A genome is the complete set of information that is needed to build and maintain a single individual, like a big instruction book. The human genome is split into 23 sections of information known as chromosomes, which can be thought of as chapters in a book. The human genome is made of DNA.
Genes are particular sequences of DNA, which are a bit like the words in each chapter of the book that makes up your genome. Within a gene there are coding regions of DNA known as exons, and non-coding gaps known as introns. Each gene contains specific instructions to make proteins. Proteins are large, complex molecules that carry out lots of different jobs in the body, from helping your muscles to contract so you can bend your arms and legs, to carrying oxygen around your body through your bloodstream.
We often talk about genes having different characteristics and this is where proteins play a part. When we talk about the genes for eye colour, for example, what we are talking about is a code for the protein that gives our eyes colour. Genes can come in different versions, so some people’s versions of the gene will code for proteins that make their eyes look blue, while other people’s versions will make proteins that make their eyes look brown. Sometimes however, the genes that code for proteins have differences in them which mean that the gene and its protein do not work in the usual way, a bit like a spelling mistake in a word.
It may seem surprising but only around 1% of the human genome is made up of DNA that codes for proteins (exons). The rest of it is made up of non-coding DNA. Coding and non-coding DNA is made up of the same four chemical building blocks or bases but it doesn’t have the same function.
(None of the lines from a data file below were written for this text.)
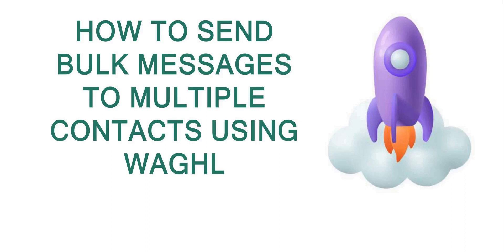Hi, welcome everyone. Welcome to WAGHL. Today we will show how to send bulk messages to multiple contacts.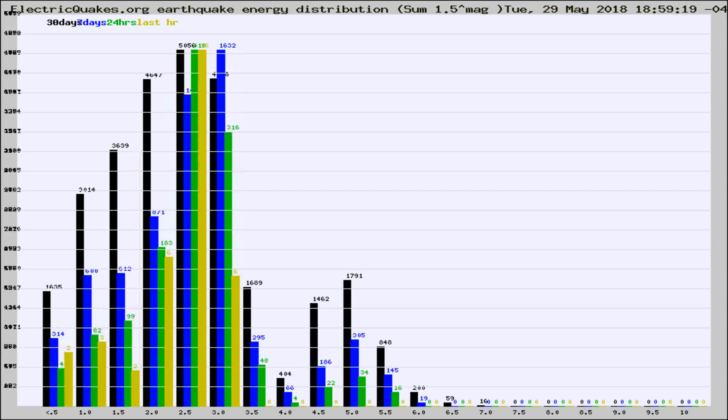Different colored columns are for 30 days, 7 days, 24 hours, and the last hour.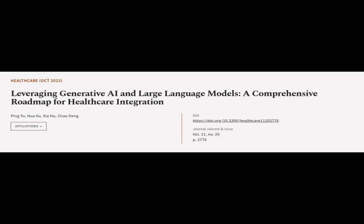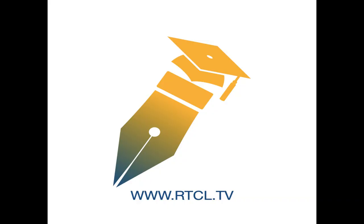This article was authored by Ping Yu, Hua Su, Xia Hu, and others. Wearearticle.tv, links in the description below.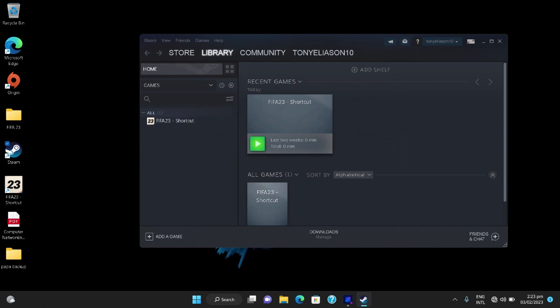After doing all that you have to click the big picture mode. You launch Steam in big picture mode.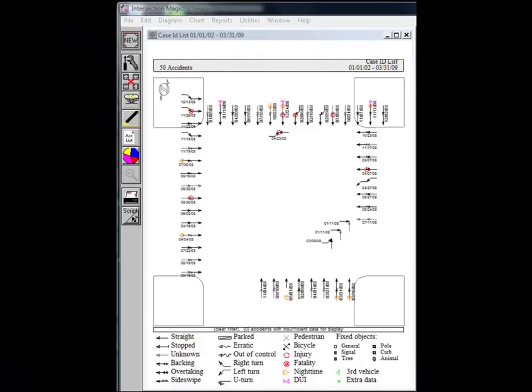To make things easier for engineers, with a single click of the mouse, CARE can draw a collision diagram for any location that is specified. It employs intersection magic for this purpose, but does all of the data manipulation automatically.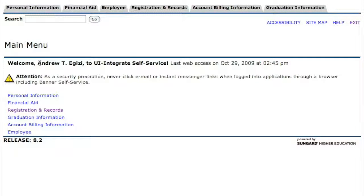You can see it brought up my name, so I know that I've signed in correctly. The first thing you're going to do every semester when it comes to registration is to check your time ticket.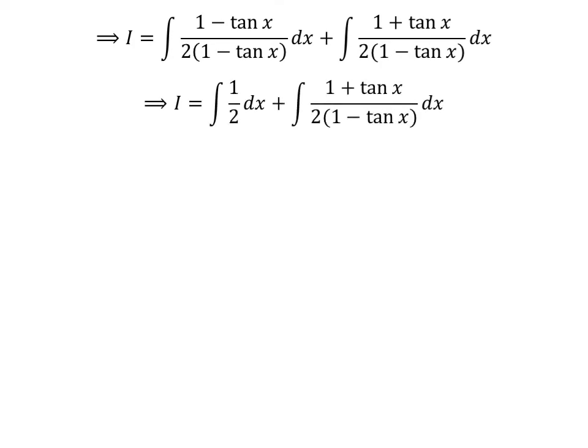Let us cancel out the common factor 1 minus tangent of x in the numerator and the denominator of the first integrand. So i is equal to integral of half with respect to x, plus integral of 1 plus tangent of x upon 2 times 1 minus tangent of x with respect to x.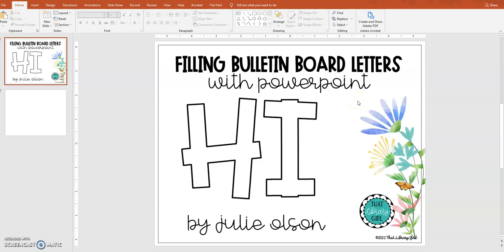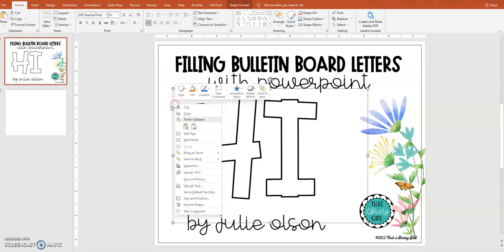Hey, this is Julie with That Library Girl. Someone in our group asked me how to take those bulletin board letters that I taught you about on the last video and make them look like they're filled with digital paper. So this is what you do.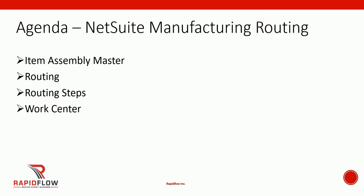We'll take a look at manufacturing routing functionality in NetSuite. As part of this video we'll start by looking at the item assembly master, then we'll take a look at routing setup in the item itself. We'll take a look at the different steps that we have to configure inside the routing, and then we'll take a look at the work center setup inside NetSuite.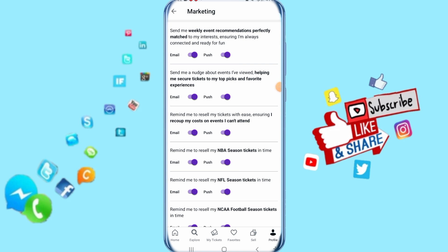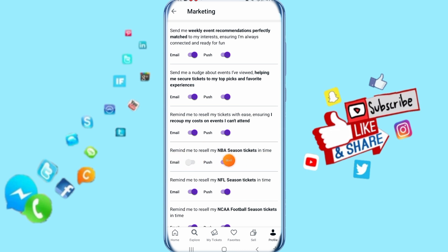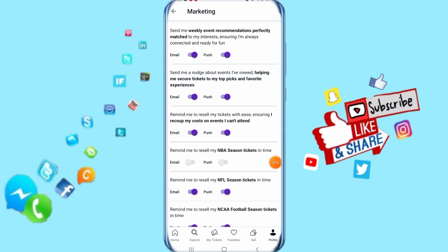Then you come to the next step here — come to NBA Season Tickets. Here you can disable it for email, and here you can disable it for the app. As you can see, NBA Season Tickets is now disabled. That's all you have to do.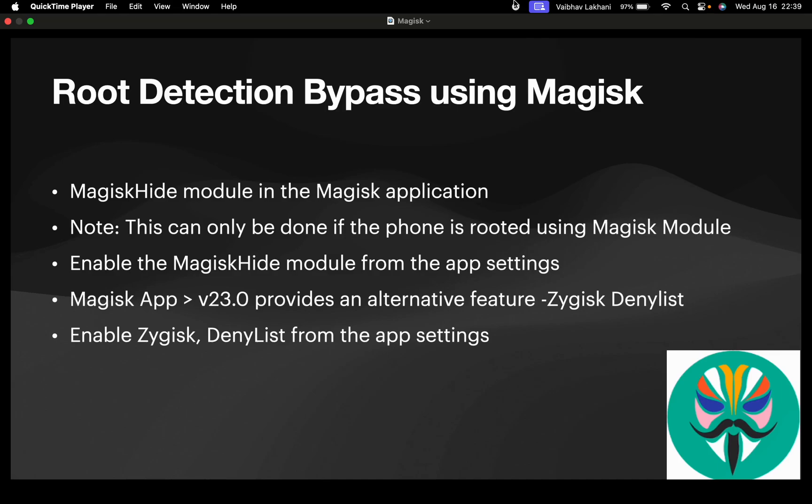Hello all. In this video, we are going to have a look at how you can bypass root detection using Magisk.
As a result, although all of our genome is made up of DNA, only a tiny proportion of it is coding for proteins.
Although it doesn’t directly code for proteins, some non-coding sequences enable our cells to produce different amounts of proteins at different times because they contain instructions that tell the cell how to switch genes on and off. Other non-coding sequences are part of genes, but don’t directly code for proteins. These are thought to help the cell to generate a number of different varieties of the same protein from just one gene.
We refer to the protein-coding part of the genome as the exome. Although the exome only comprises a very small fraction of the genome, alterations in these sequences of DNA are thought to contain 85% of the variations that can cause genetic conditions. Researchers can use a technology called sequencing to look at the order of chemical bases in DNA. They can therefore sequence your exome and determine whether or not there are any alterations by comparing it to a reference exome. It’s just like reading a book and checking to see if there are any spelling mistakes. By focusing on sequencing and analysing just the 1% of the genome that codes for proteins, researchers believe that they are likely to find most disease-causing alterations. Looking at just this small fraction of the genome also makes it cheaper, faster and easier to sequence and analyse.
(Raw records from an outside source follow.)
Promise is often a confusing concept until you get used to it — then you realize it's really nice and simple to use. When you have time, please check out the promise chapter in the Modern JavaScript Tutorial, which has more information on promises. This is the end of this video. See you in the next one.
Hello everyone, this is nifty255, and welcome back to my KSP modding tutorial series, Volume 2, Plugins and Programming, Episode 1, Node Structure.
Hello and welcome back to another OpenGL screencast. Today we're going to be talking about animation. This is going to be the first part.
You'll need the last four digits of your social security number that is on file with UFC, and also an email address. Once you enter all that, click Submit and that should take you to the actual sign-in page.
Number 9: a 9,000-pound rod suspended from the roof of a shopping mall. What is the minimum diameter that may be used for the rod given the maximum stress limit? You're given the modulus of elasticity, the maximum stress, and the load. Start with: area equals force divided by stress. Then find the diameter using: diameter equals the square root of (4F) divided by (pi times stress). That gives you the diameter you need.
While many genetic alterations that cause disease are found in the exome, not all of them are. In fact researchers are finding out more and more about the genome every day and some non-coding parts of the genome are now considered to play a role in genetic conditions. Alterations in this part of the genome cannot be picked up by just looking at the exome but can be found by sequencing all of the DNA in a genome. This is called whole-genome sequencing. As whole-genome sequencing becomes faster and cheaper, it is likely to eventually replace exome sequencing, allowing us to gain a deeper understanding of our genome and how its alterations are related to genetic conditions.